DATA:

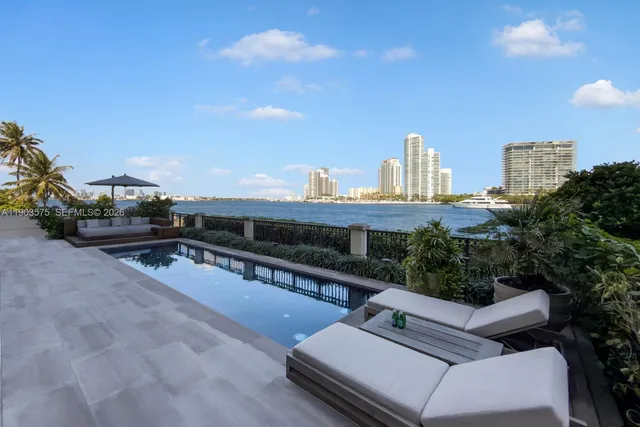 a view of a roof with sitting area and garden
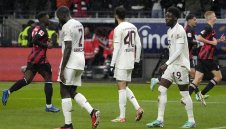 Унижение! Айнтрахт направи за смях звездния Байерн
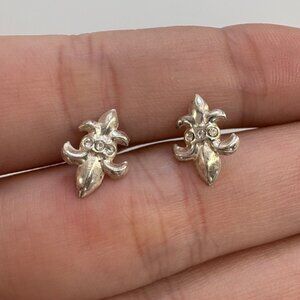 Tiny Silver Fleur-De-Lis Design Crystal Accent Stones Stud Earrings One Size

WHAT THIS TASK INVOLVES:
Pictures do not belong in the copy. Reproduce the rest of the data exactly.

OUTPUT BELOW:
 a view of a roof with sitting area and garden
 Унижение! Айнтрахт направи за смях звездния Байерн
 Tiny Silver Fleur-De-Lis Design Crystal Accent Stones Stud Earrings One Size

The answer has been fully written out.